• **What to do**
Pictures excluded, output the lines of the data below between the one holding "A closeup shot" and the one holding "Two Jars Filled", inclusive, exactly as they stand.

• **Material for this task**

"""

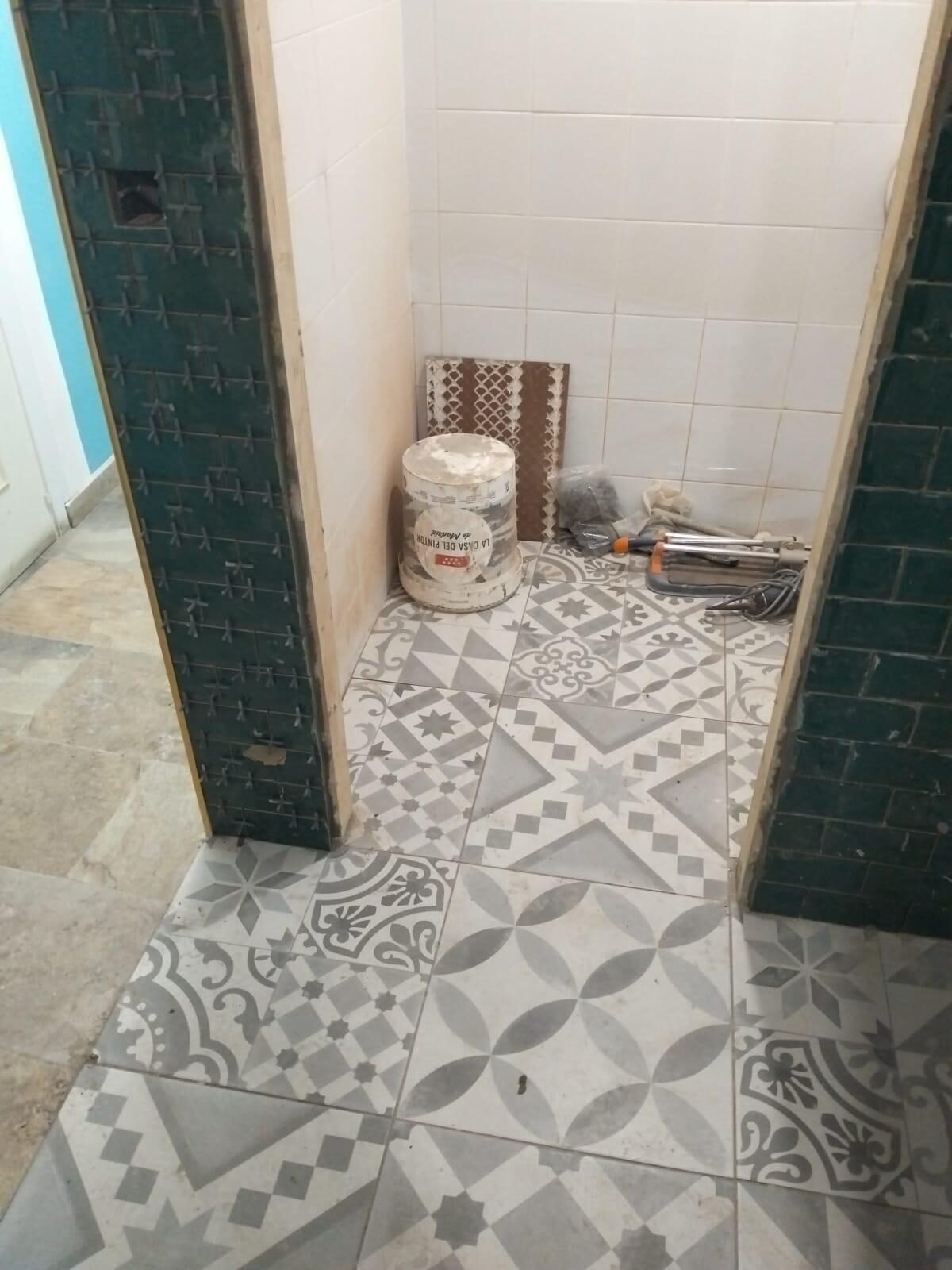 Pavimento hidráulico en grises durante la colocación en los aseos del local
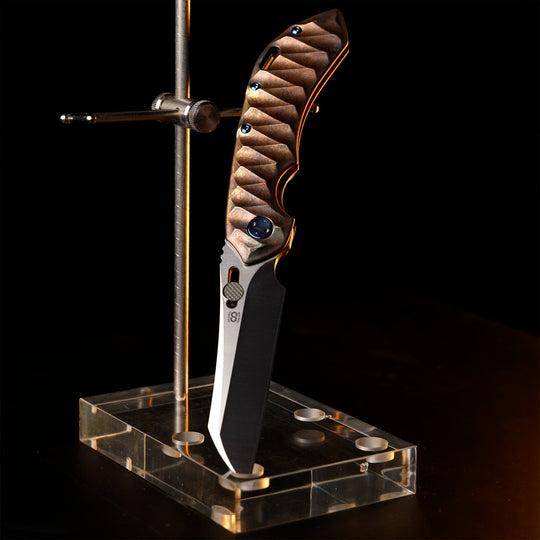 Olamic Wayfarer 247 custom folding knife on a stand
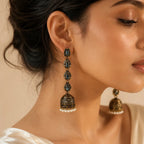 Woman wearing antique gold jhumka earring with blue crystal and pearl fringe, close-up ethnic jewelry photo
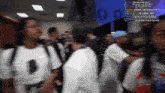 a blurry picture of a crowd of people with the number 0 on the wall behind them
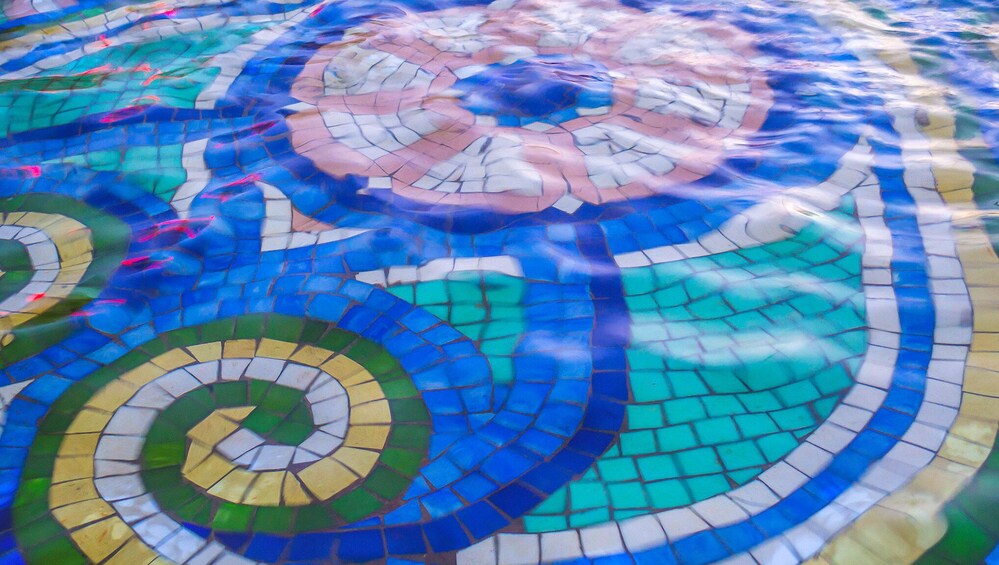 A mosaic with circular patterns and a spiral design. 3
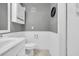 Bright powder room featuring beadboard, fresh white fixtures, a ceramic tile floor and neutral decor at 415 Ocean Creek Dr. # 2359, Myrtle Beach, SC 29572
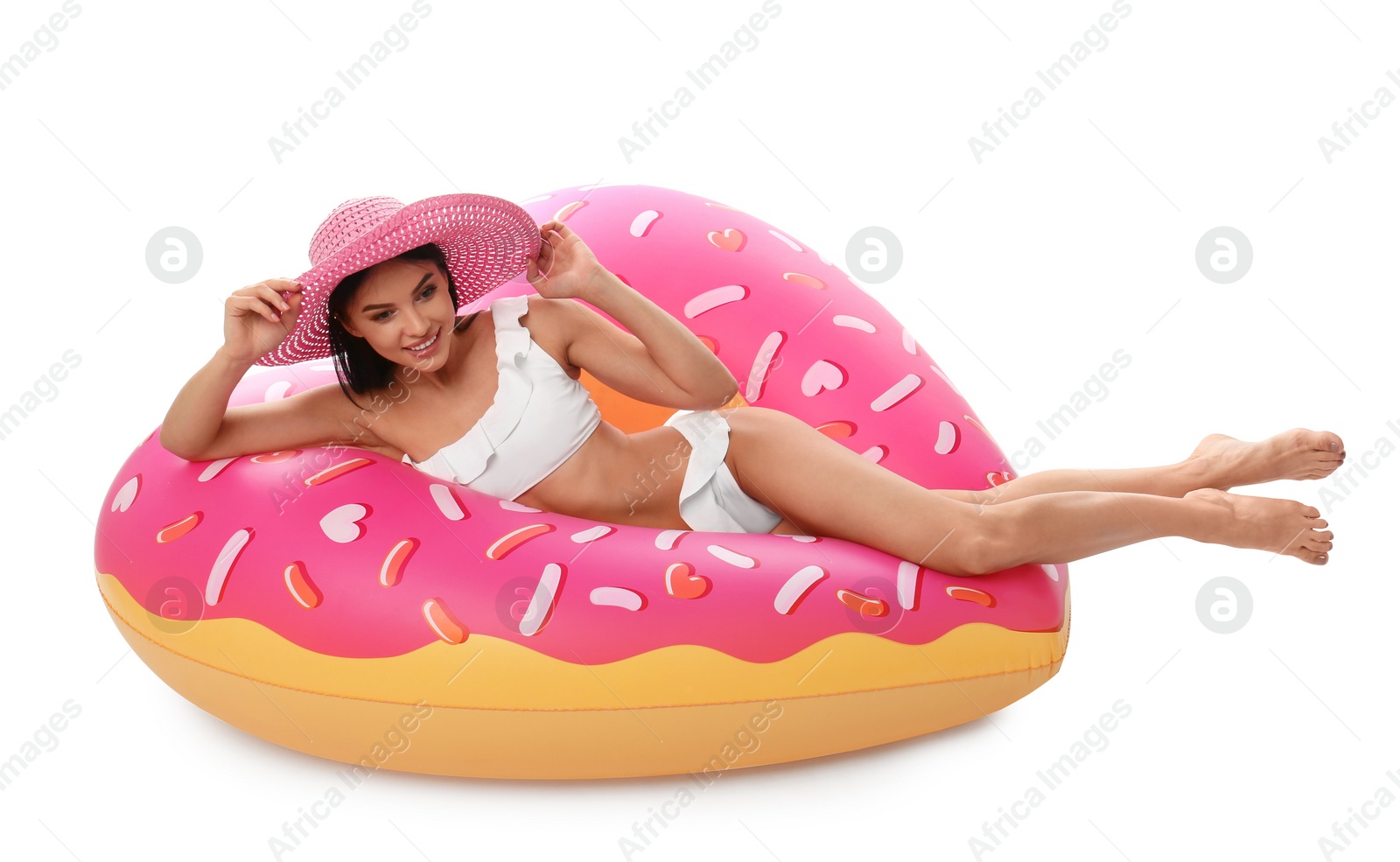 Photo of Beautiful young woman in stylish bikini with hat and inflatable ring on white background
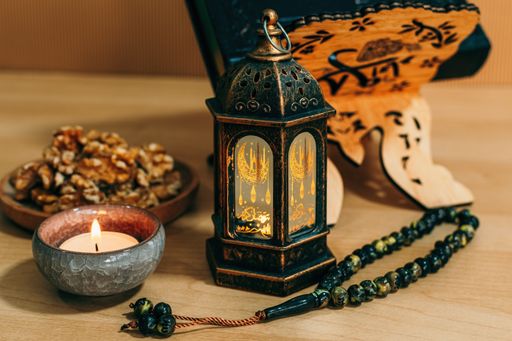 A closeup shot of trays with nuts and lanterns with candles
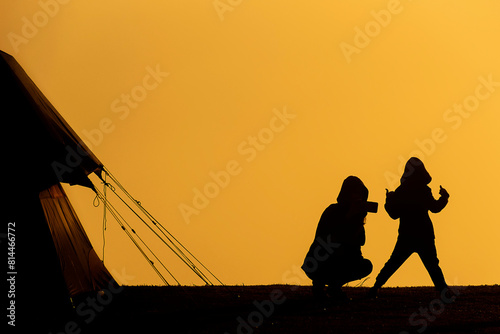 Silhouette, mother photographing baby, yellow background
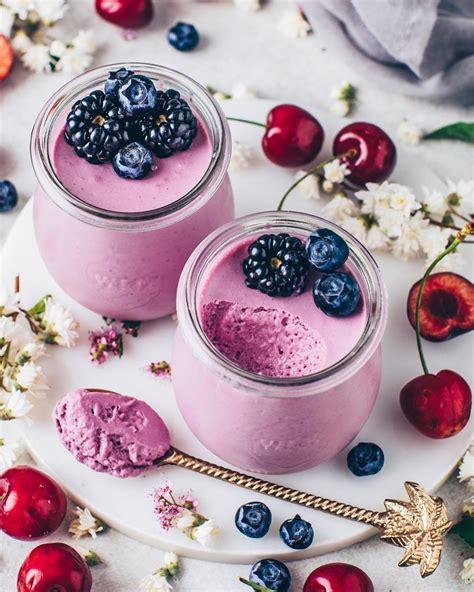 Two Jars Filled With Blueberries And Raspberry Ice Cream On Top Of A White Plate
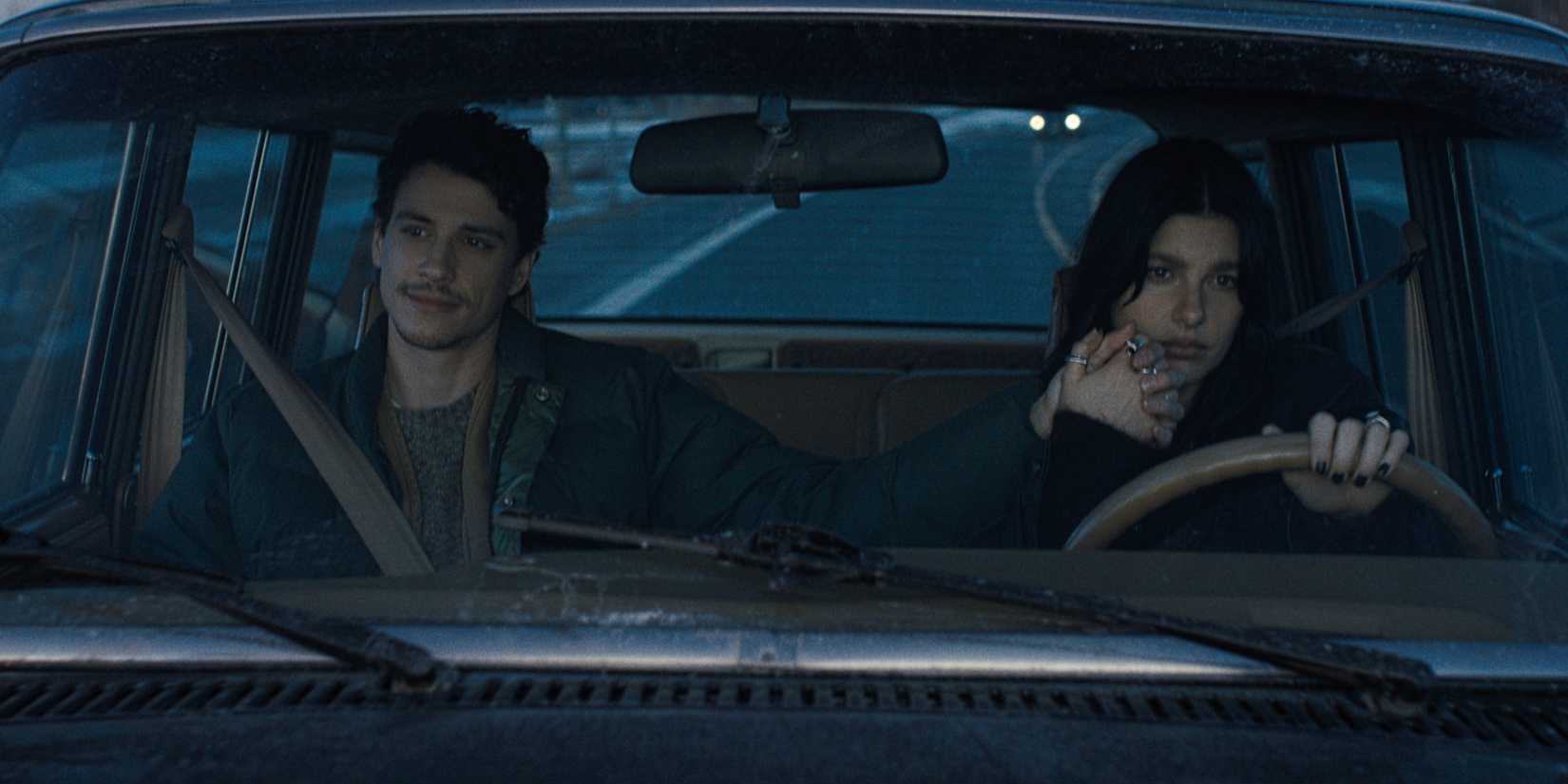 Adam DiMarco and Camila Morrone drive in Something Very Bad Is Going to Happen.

"""

• **Result**
 A closeup shot of trays with nuts and lanterns with candles
 Silhouette, mother photographing baby, yellow background
 Two Jars Filled With Blueberries And Raspberry Ice Cream On Top Of A White Plate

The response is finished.